En 1987, Roland Joannin souhaite agrandir la collection variétale de La Pomme de demain. Pour ce faire, il contacte la station de recherche Cornell dans l'état de New York. Il y fait un voyage d'études avec quelques producteurs et récupère des variétés qui lui paraissent adaptées aux conditions québécoises. Le conseiller sollicite également la station de recherche Summerland, en Colombie-Britannique, ainsi que la Pépinière Delbard et le chercheur Marcel Le Lezec de l'INRA d'Angers qui lui envoie une collection créée par des hybrideurs finlandais qui a une bonne rusticité (Melba x Lobo). C'est sur ces variétés qu'ont été faites les premières observations et comparaisons du collectif.
Entretien de la parcelle de La Pomme de demain, 1990.
Les membres de La Pomme de demain
La Pomme de demain fonctionne au départ sous la forme d'un "gentlemn's agreement", c'est-à-dire d'un regroupement reposant sur la bonne entente et la collaboration de ses membres. Cet aspect collectif et informel plaît bien aux producteurs qui adhèrent au groupe.
En participant à la fondation ou en rejoigant La Pomme de demain, les pomiculteurs souhaitent être en contact avec ce qui se fait ailleurs dans le monde en pomiculture et développer une ou des variétés propres au Québec. L'énergie et la motivation de l'animateur du groupe, le conseiller Roland Joannin, sont contagieuses.
Un groupe de pomicultrices et pomiculteurs en voyage d'étude à la station de Cornell, dans l'état de New York, 1987.
Les premiers croisements de La Pomme de demain
Au début des années 1990, Jean-Marie Lespinasse effectue une deuxième visite au Québec. Il suggère à Roland Joannin de faire ses propres croisements. Réticent au départ, l'animateur de La Pomme de demain décide de se lancer dans l'hybridation et fait une première série de croisements par semis de hasard. C'est de ces semis de hasard que naîtront la Rosinette et la Passionata.

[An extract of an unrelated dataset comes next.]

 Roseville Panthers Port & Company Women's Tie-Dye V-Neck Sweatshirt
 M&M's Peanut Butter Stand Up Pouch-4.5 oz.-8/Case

En 1995, à la suite d'un hiver particulièrement rigoureux, la parcelle expérimentale doit être déménagée. Jacques Viau, pomiculteur de Saint-Joseph-du-Lac, accepte de l'accueillir. C'est là que Roland Joannin fait ses premiers hybrides de manière contrôlée et en assure le suivi. C'est une entreprise qui demande, du temps, de l'espace et de l'énergie, mais qui passionne l'hybrideur et pour laquelle les pomiculteurs démontrent de l'intérêt. Aujourd'hui, après plus de vingt ans d'hybridation, La Pomme de demain compte quatre parcelles dont deux dans le verger de Mario Viau, le fils de Jacques Viau, qui a repris l'exploitation familiale.

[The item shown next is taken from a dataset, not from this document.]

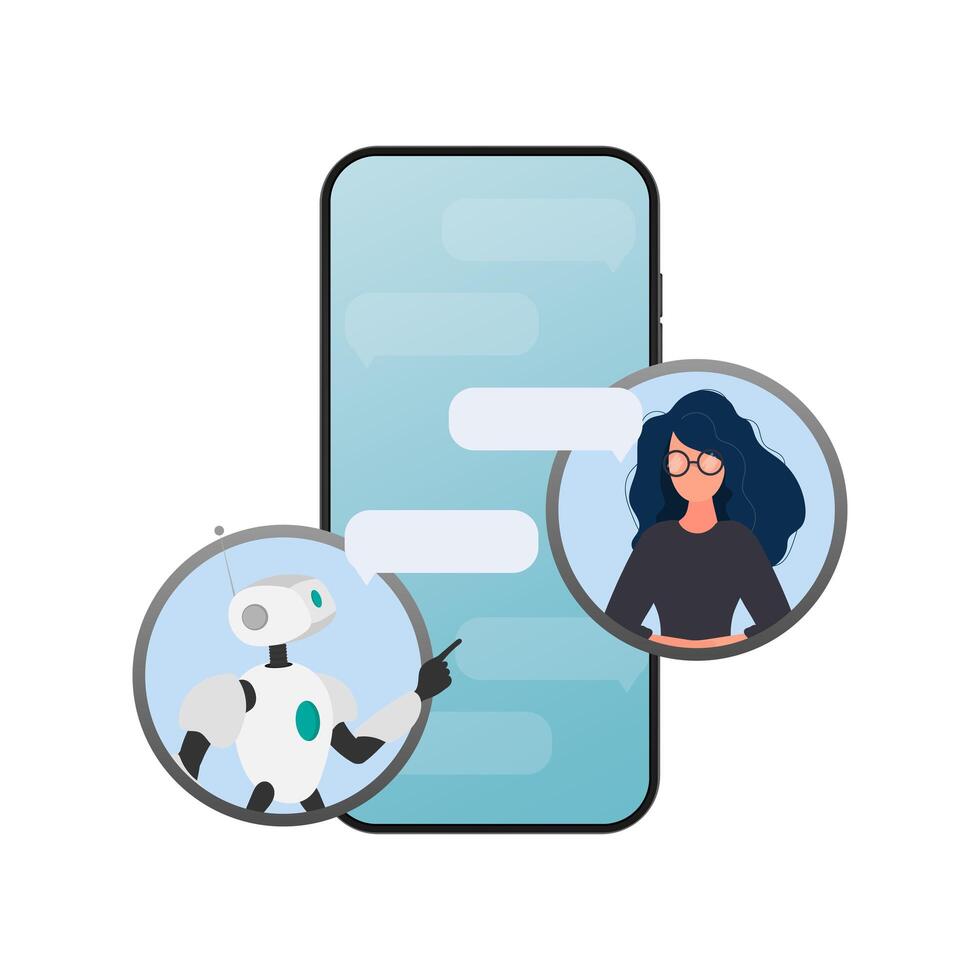 Chat icon. A robot in dialogue with a girl. Suitable for apps, sites and topics related to automatic replies and artificial intelligence. Vector. vector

Hybride de la station de Cornell, dans l'état de New York.
Réunion des membres du collectif lors d'une dégustation des hybrides à l'automne.
Variété des Pépinières Delbar, en France.

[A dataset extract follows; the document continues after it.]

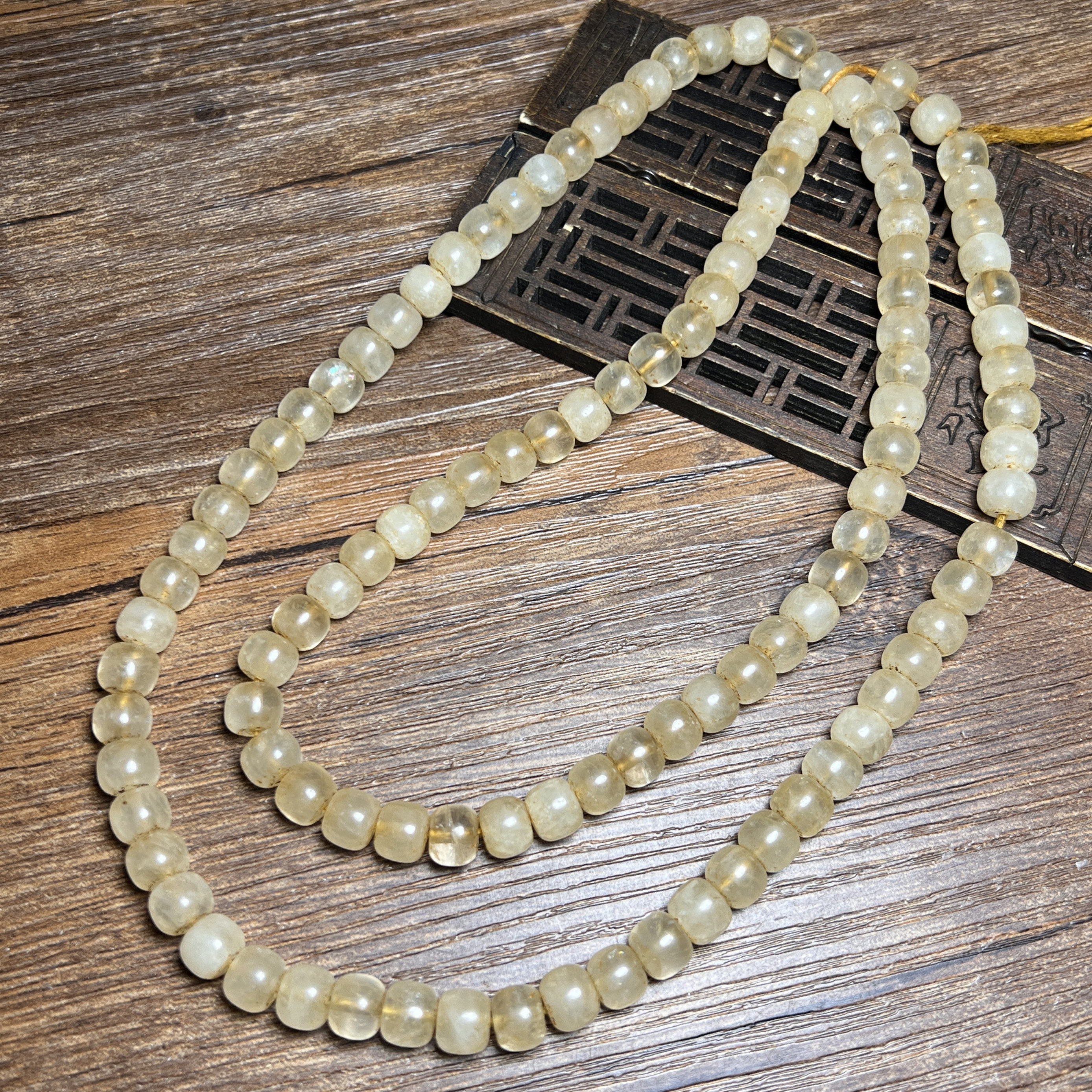 老水晶珠子天然白水晶珠苹果珠老型散珠手串佛珠108手链项链手持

Cette dégustation avait été réalisée à la garderie que fréquentaient les enfants de l'hybrideur à l'époque. Comme quoi, il n'est jamais trop tôt pour croquer!
Plantation de la quatrième parcelle de La Pomme de demain chez un pomiculteur de Saint-Joseph-du-Lac.
Le surgreffage est une technique consistant à greffer une nouvelle variété sur un arbre déjà existant.